Thursday, April 27, 2006

After 5 years of Bush, FEMA has been destroyed

The Senate has been reviewing the Federal Emergency Management Agency (FEMA) to see what went wrong with Katrina and Rita. According to the CNN report the Senate has concluded that FEMA is beyond repair and needs to be replaced.

As Kevin Drum points out, the same FEMA which operated so well for eight years under Clinton that it was considered one of the best run agencies in the U.S. government has been so destroyed under the five years of the Bush administration that it must be replaced.

Any Organization theorist will tell you that the purpose of an organization is to route information to decision makers who use it to make decisions, allocate resources and direct the actions of others. Human beings have a limited capability to process information and determine actions, so an organization breaks decisions down to small pieces that individuals can handle, defines job functions to handle that information and then route relevant data to those decision makers.

The decision makers use the data they receive and obtain to determine what actions will be taken. They then allocate people and resources to the appropriate time and location in the stream of those actions. In short, an organization is a decision-making structure.
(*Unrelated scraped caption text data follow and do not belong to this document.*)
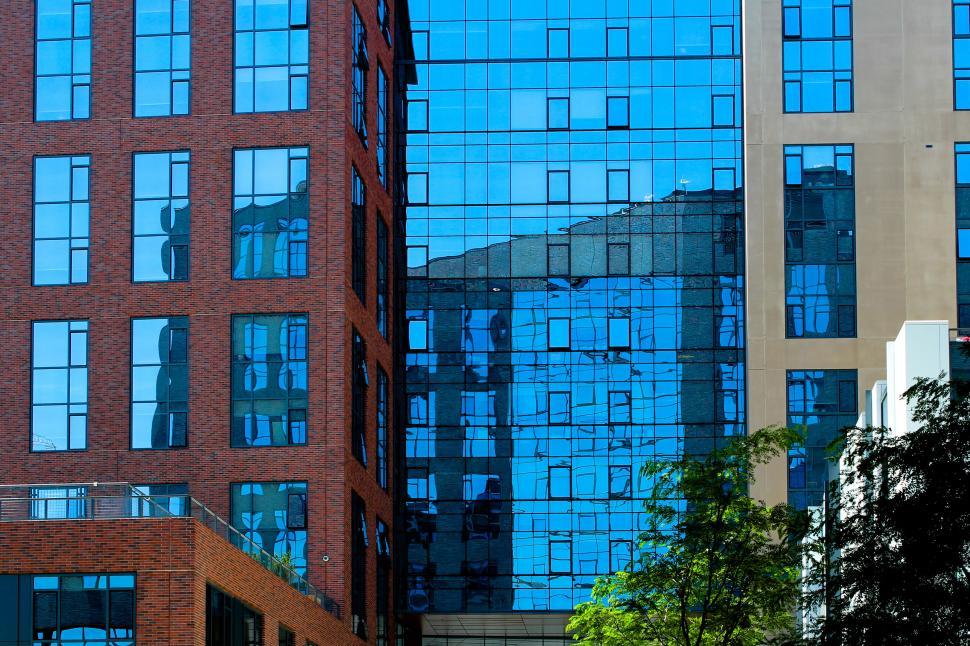 Free Image of Reflection of a cityscape in blue glass windows 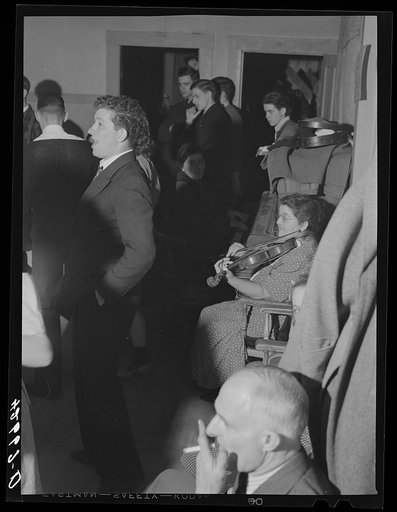 Untitled photo, possibly related to: Music for the Saturday night square dances in Clayville, Rhode Island, is provided by this school teacher from a neighboring town and her son. They are also available for parties and weddings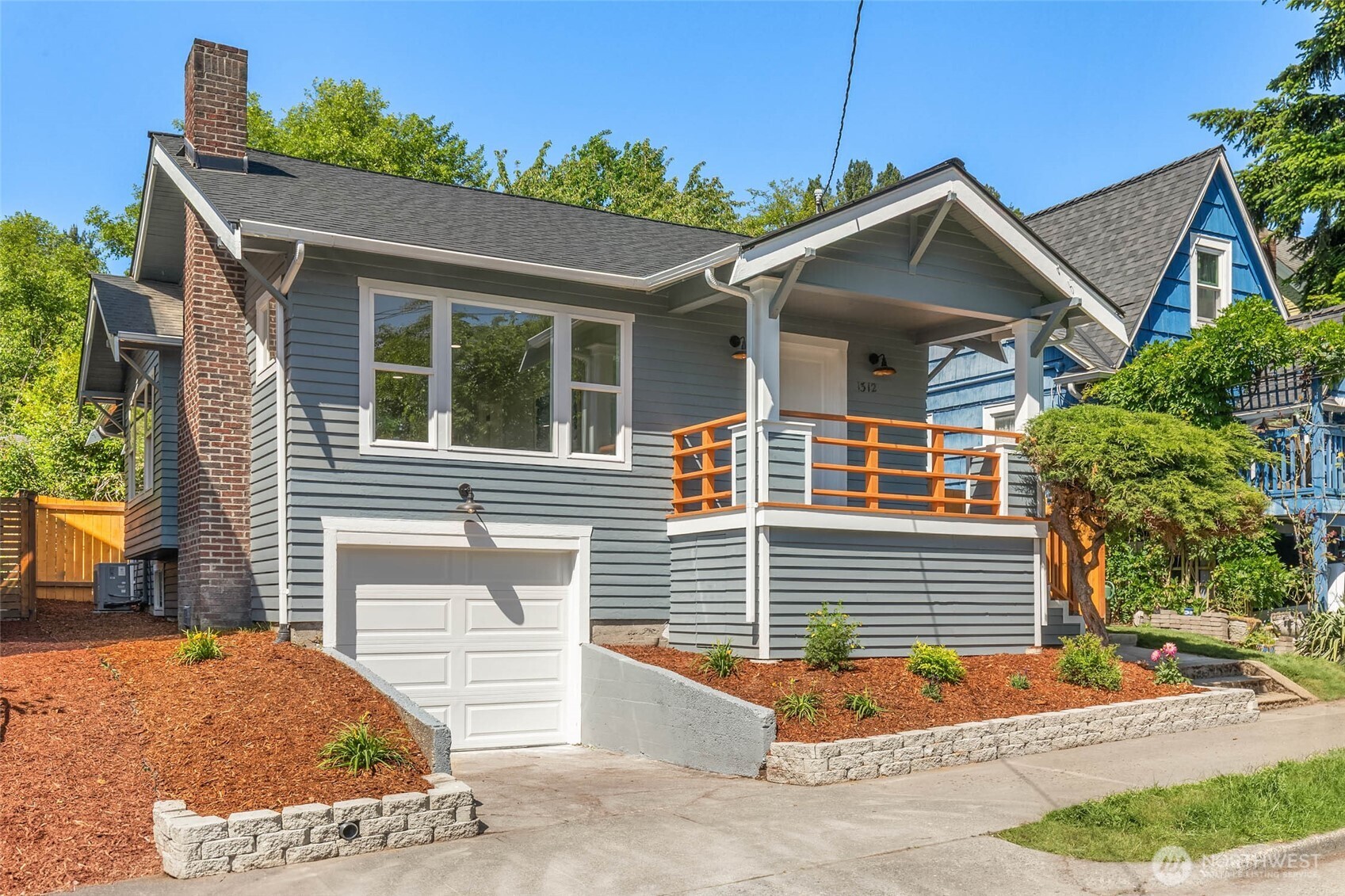 a front view of a house with garage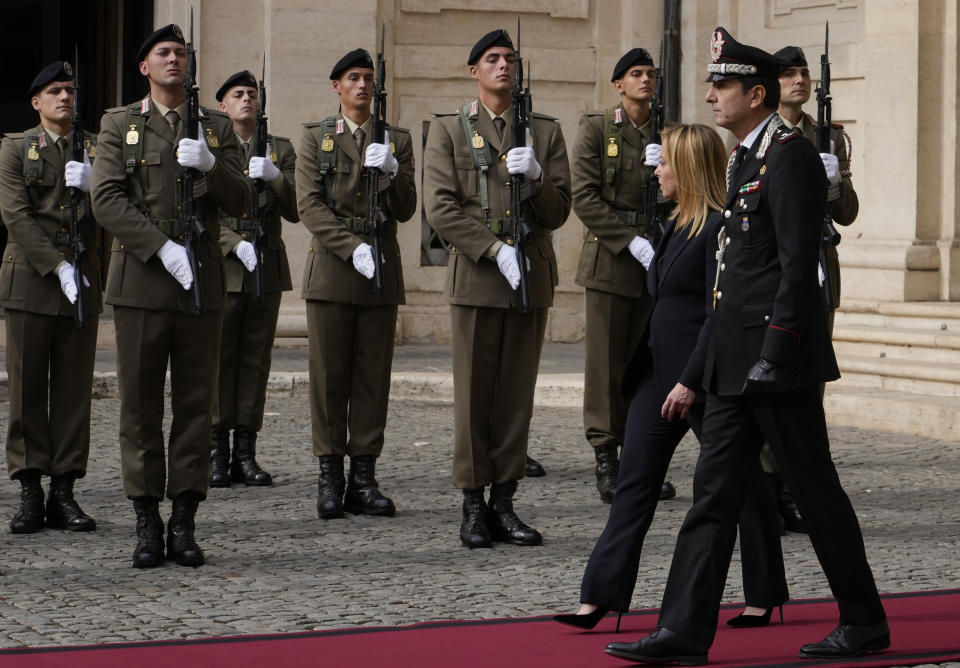 Italian Premier Giorgia Meloni leaves after swearing in at Quirinal presidential palace, Saturday, Oct. 22, 2022. Giorgia Meloni on Friday formed Italy's new ruling coalition, assembling the country's first far-right-led government since the end of World War II and becoming the first woman to obtain the premiership. (AP Photo/Andrew Medichini)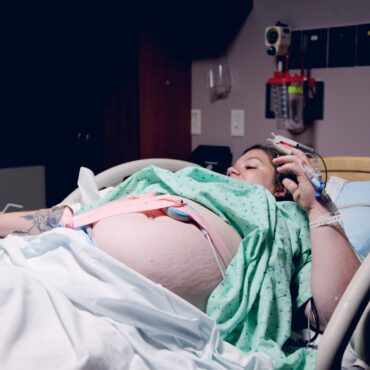 woman lying down in a hospital bed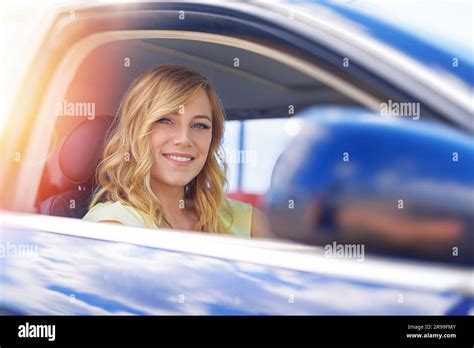 Beautiful Blonde Woman Driving A Car Stock Photo Alamy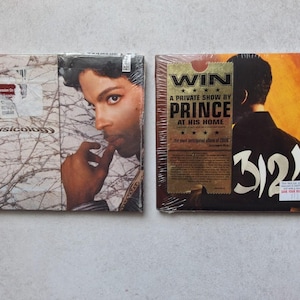 May include: Two sealed music CDs. The left cover features a portrait of Prince with the text Musicology and a red sticker. The right cover is orange and black with the text 3121 and a gold sticker that reads WIN A PRIVATE SHOW BY PRINCE AT HIS HOME.
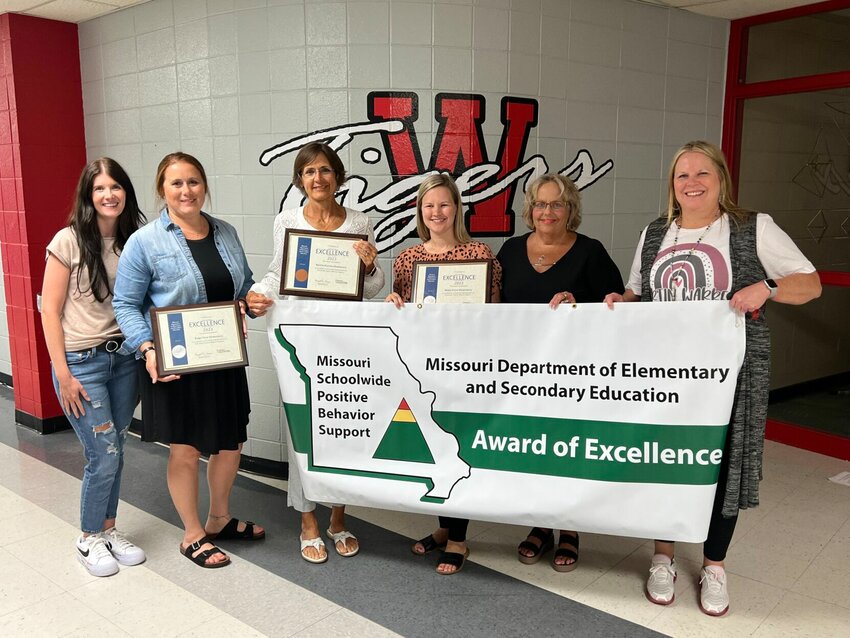 From left, Lauren Bunting, Beth Tiller, Ashley Klein, Nancy Rogers and Lorna Cassell pose with awards for PBIS at the Warrensburg Board of Education meeting on Tuesday, June 20.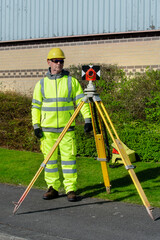 Surveyor working outdoors with surveying equipment in construction area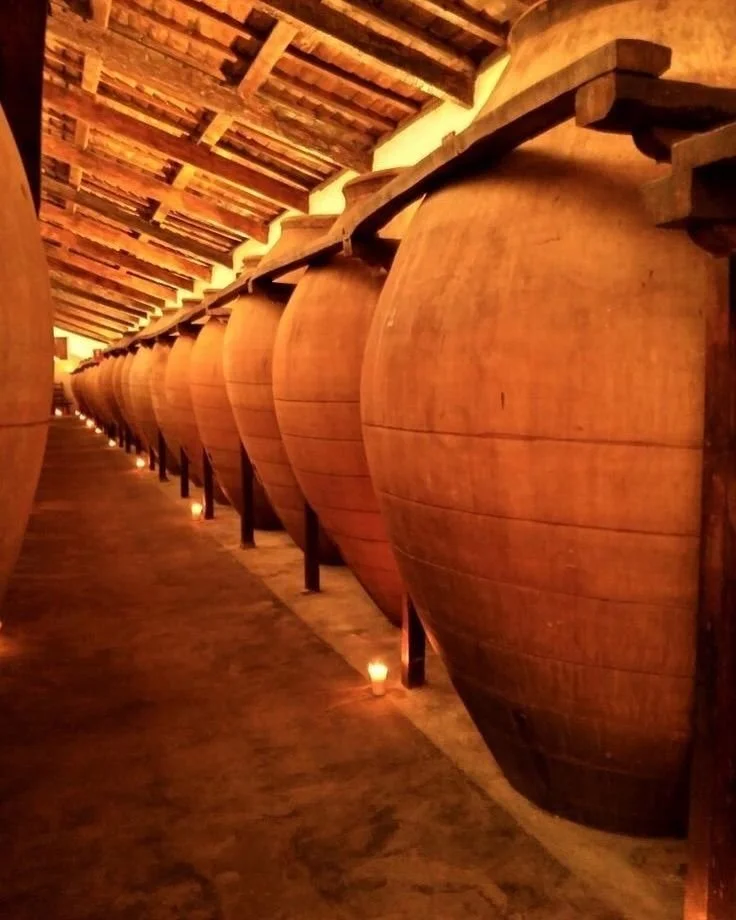 Row of large wooden wine barrels in a dimly lit cellar with candles along the floor.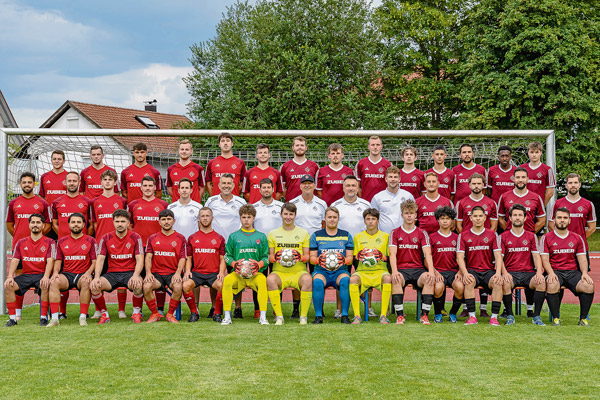 FC Lindenberg Mannschaft Die Mannschaft des FC Lindenberg, fotografiert vor dem Tor, im Hintergrund Bäume und ein Haus.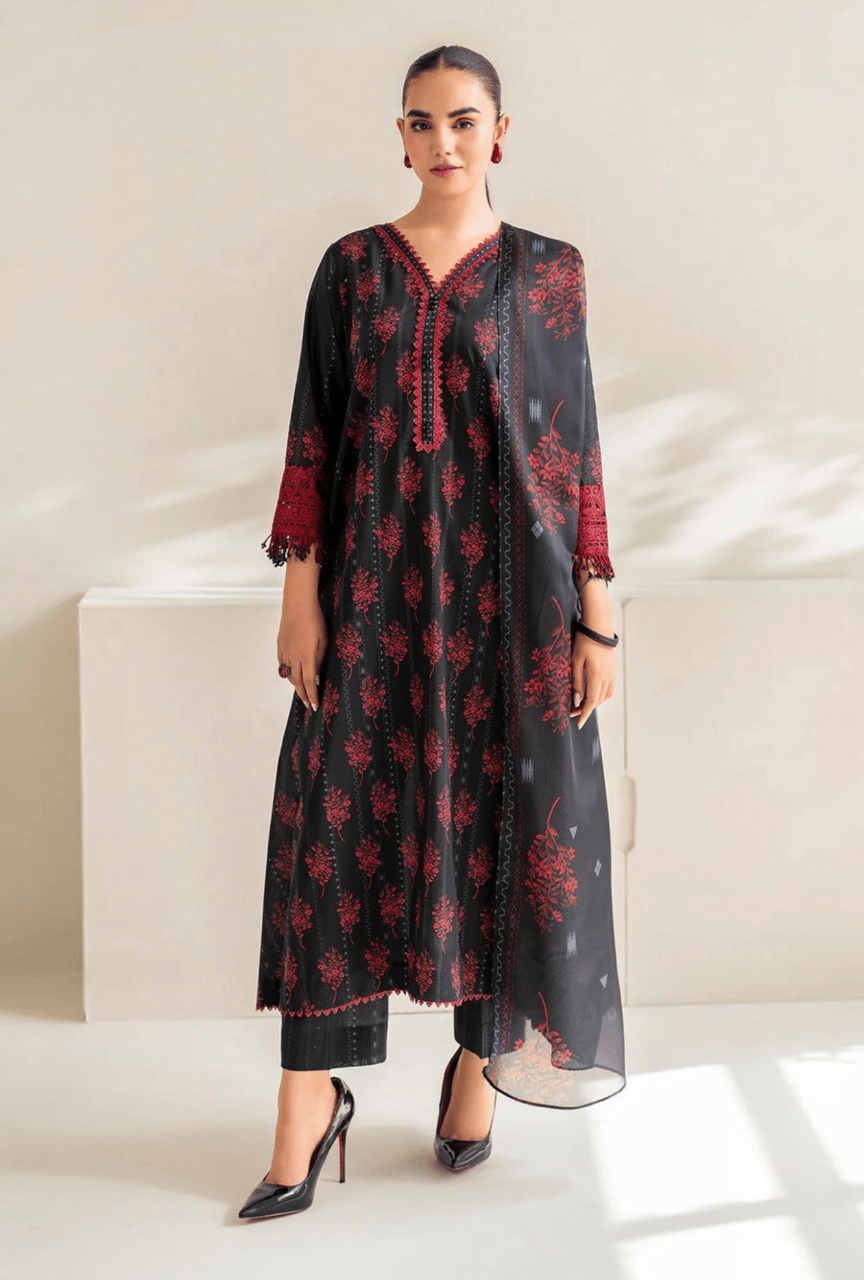 Woman wearing a black and red floral dress with a sheer dupatta in a minimalistic setting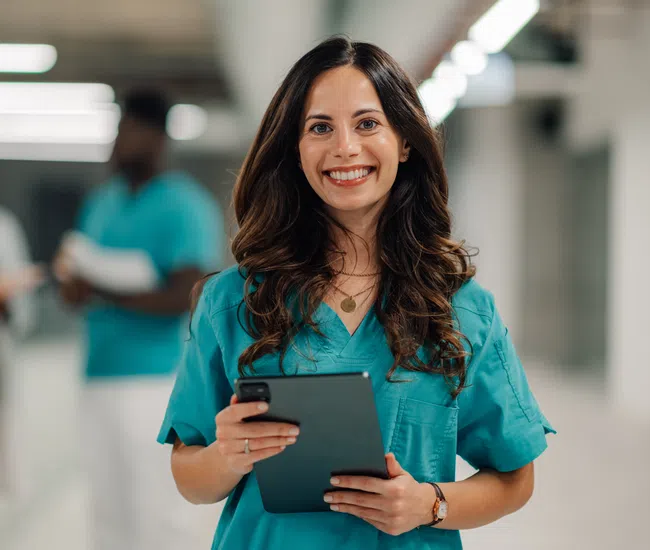 Smiling female nurse in blue scrubs holding a tablet with two medical professionals blurred in background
That decision-making structure learns how to accomplish its functions through repetition. When it makes mistakes it restructures, breaking the decision down differently and routing the data to different people. By doing so, an organization learns to adapt to the environment. Structures and job roles that work are kept and structures and job roles that don't work are rejected.

FEMA under Clinton was a smooth-running structure that worked well. Under Bush it was placed into the Department of Homeland Security and restructured so that by 2005 it was completely unable to function adequately. Bush failed, Chertoff failed, and the Republican Congress failed.

Now Senators Susan Collins and Joe Lieberman have concluded that as a result of poor leadership and inadequate funding FEMA cannot be repaired. It will have to be replaced.

Michael Brown, the fired Director of FEMA points out that the new agency will have the same mission and structure as FEMA did before Chertoff and the Department of Homeland Security took its planning responsibilities away a year ago.

It is really difficult to totally destroy a good-running organization unless you replace most of the effective, trained and experienced people with ineffective ones. Such a process eliminates the previously developed organizational experience.

To say that FEMA can't be fixed, but has to be replaced is a massive admission of failure by the Bush administration and the Republican Congress.